After receiving the go-ahead for in-person theater, the PAD is full steam ahead

| Managing Editor

Performers take a bow after “Masquerade,” the 2020 Black Anthology show and one of the last to be performed in the Edison Theatre. Photo by Morad Suliman | Student Life

In-person classes are back at Washington University, and so too is indoor theater back at the Performing Arts Department. That decision has been a long time coming. After the last year of Zoom theater, recorded performances and outdoor theater in April, the department has finally been cleared to resume mostly normal operations. 

“We only found out the other day that we can do this,” William Whitaker, professor of Drama in the PAD and chair of the production committee, said. “So there was a great sigh of relief and excitement.”

Of course, the coronavirus pandemic is not over. Theater isn’t back to what it was in previous years while actors can remain maskless when more than 6 feet from each other onstage, everyone in the audience and backstage must be masked, as must actors when they cross that 6-foot boundary. 

This isn’t the PAD’s first rodeo with masking rules. Last year’s two outdoor shows, “COVID Mysteries” and “Tough!,” played with masks as well.

“I got to experiment with this a little bit with ‘Tough!’ in the spring,” Whitaker said. “When [the actors] got closer their masks were up, and I thought the audience was accepting of that.”

In “Tough!,” actors dramatically pulled their masks up when they stepped forward to confront other characters, something that Whitaker foresees continuing, especially in the season’s first play, “She Kills Monsters.” 

“She Kills Monsters” is a fun, playful piece of theater with both elaborate sword fights and moments of closeness. The show, inspired by Dungeons and Dragons, would allow for masking during fights, but also for other forms of distanced closeness, Whitaker said. 

“I think we can get away with some sort of staging that is affectionate, but removed. I’m calling it socially distanced intimacy.”

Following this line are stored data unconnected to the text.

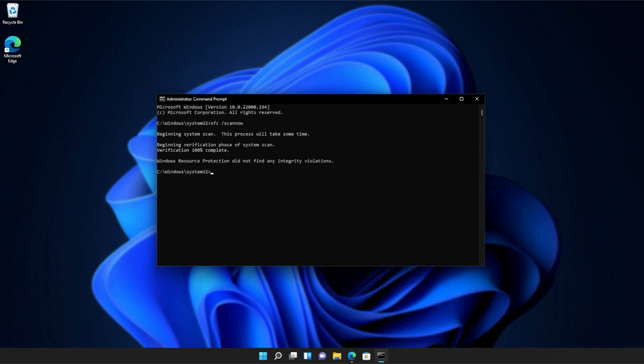And there we go. You can see mine ran properly without finding any issues. However, if it found issues, it'll tell you here and tell you if it repaired them.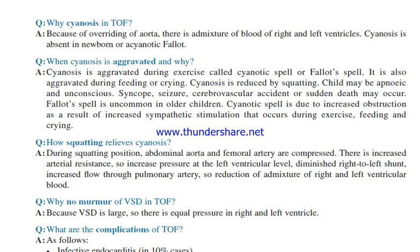Why is there cyanosis in tetralogy of Fallot? Because of overriding of the aorta, there is admixture of blood from the right and left ventricles. Cyanosis is absent in the newborn. Cyanosis is aggravated during exercise — called cyanotic spell or Fallot spell — and also during feeding or crying. Cyanosis is reduced by squatting. The child may be apneic and unconscious, with syncope, seizures, cerebrovascular accident, or sudden death. During squatting, the abdominal aorta and femoral artery are compressed, increasing arterial resistance and pressure at the left ventricular level, diminishing right-to-left shunt and increasing flow through the pulmonary artery, thus reducing admixture of right and left ventricular blood.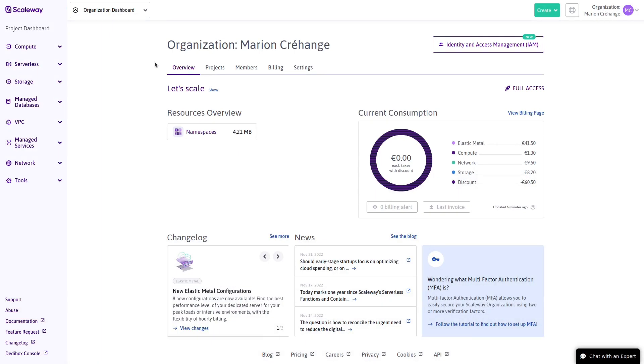IAM brings new features to allow you to share access to the management of your Scaleway resources with fine-grained control in a secure manner.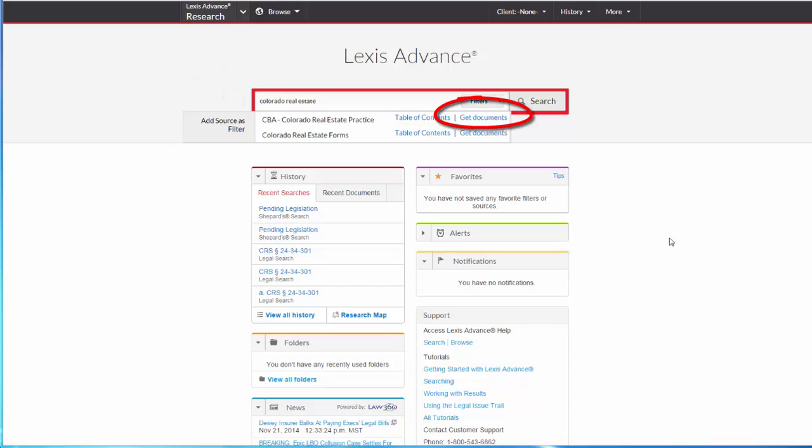From here, I can search Colorado Real Estate Practice by selecting Get Documents and then entering my search terms in the box, or I can select Table of Contents to browse through the chapters.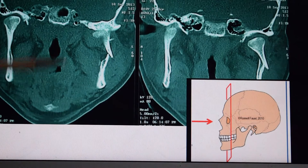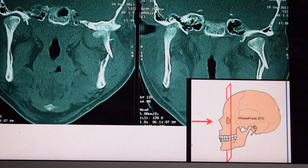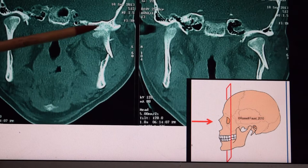This is the coronal view of the mandible. In this view you can see that one side of the mandible is intact, but the other side is fractured at this location and the upper segment of the condyle is displaced laterally. Here you can see the lateral displacement of the condyle.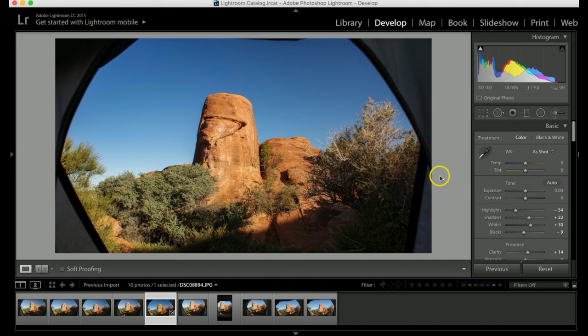So anyways, that's how you use the spot removal tool in Lightroom CC. This is a great way to fix a lot of your photographs that you may have had sensor dust on.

Of course, there is the ever-present worry that classes may return to an online format, thus rendering in-person theater impracticable. “She Kills Monsters” can adapt to that, too the play was rewritten for an online format during quarantine last summer, and though this isn’t ideal, Whitaker says the PAD can adjust and perform it as an online piece. 

Right now, though, he said that “everybody is trying to focus on reclaiming the world of real theater.” By real theater, Whitaker meant “to really bring things that you have planned in sketch and on your computer and actually see them made manifest in a theater.”

That’s not to say improv and outdoor theater aren’t real theater, he added, but that after so long making Zoom plays and outdoor plays, theater practitioners are eager to perform indoors again.

“The work of the theater is communal,” Whitaker explained. “It’s an ensemble. It’s people in a room together making a thing, a beautiful thing, a funny thing, a terrible thing, whatever.”

That quality, of people in a room, is what he hopes people who haven’t gotten to experience WashU theater recently will take away from the experience of this season. The goal, he said, is to share “the exquisite delight of sharing an event with other human beings and that collective spirit of the live actor in front of you, and the audience and that sort of electricity, and real people in a real room doing real things.”

It’s the emphasis on realness that defines live theater. We live in an age of TV and movies, but sitting in a room with a crowd, watching a show in real time, is, after a long hiatus, finally back.